A rally in global equity markets lifted stocks in Europe to record highs on Friday amid strong corporate earnings and hopes central bank interest rate cuts are near.

UK's benchmark FTSE 100 closed up by 0.63 percent, Germany's Dax ended up  by 0.38 percent, France’s CAC finished the day up by 0.38 percent.

U.S. stocks managed to secure modest gains, contributing to another weekly advance for all three indexes as  investors closely analyzed statements from Federal Reserve officials and anticipated crucial inflation data scheduled for release next week.
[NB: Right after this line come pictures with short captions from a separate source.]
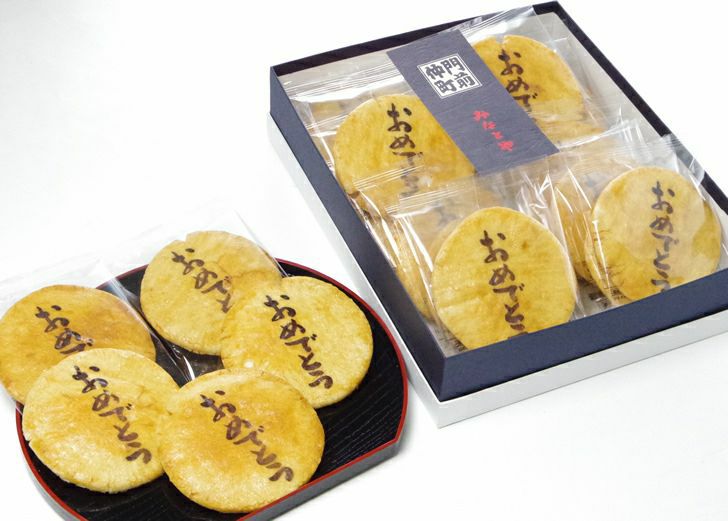 おめでとう煎餅10-40枚入り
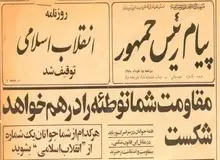 ماجرای توقیف روزنامه‌ی «انقلاب اسلامی» بنی صدر چه بود؟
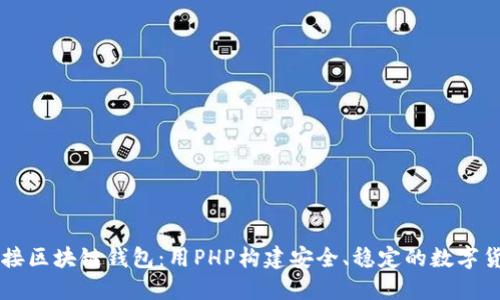 轻松对接区块链钱包：用PHP构建安全、稳定的数字货币平台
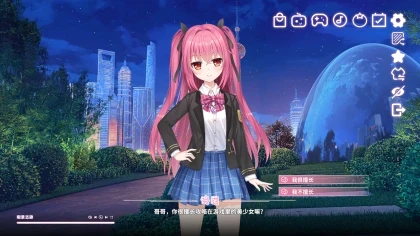 妹控计划 скриншоты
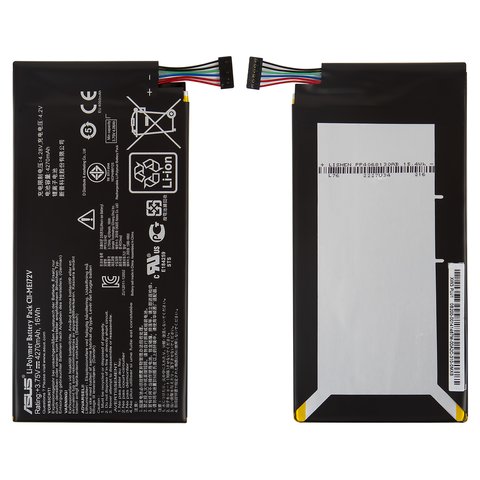 Battery compatible with Asus MeMO Pad ME172V, Li Polymer, 3.75 V, 4270 mAh, Original PRC #C11 ME172V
Dow Jones closed up by  0.32% percent, S&P 500 closed up by 0.16% percent, Nasdaq settled up by 0.03 %  percent.

Commodities Recap

Gold prices surged on Friday as momentum was driven by zero-yield bullion, which continued to gain traction following weaker U.S. jobs data earlier in the week which solidified expectations for an interest rate cut by the Federal Reserve.

Spot gold rose 1% to $2,369.49 per ounce by 2:02 p.m. ET (1802 GMT).U.S. gold futures for June delivery settled 1.5% higher to $2,375.00 per ounce.

Oil prices fell by nearly $1 a barrel on Friday as comments from U.S. central bank officials indicated higher-for-longer interest rates, which could hinder demand from the world's largest crude consumers.

Brent crude futures settled at $82.79 a barrel, down $1.09, or 1.3%. U.S. West Texas Intermediate crude settled at $78.26 a barrel, down $1.00, or 1.3%.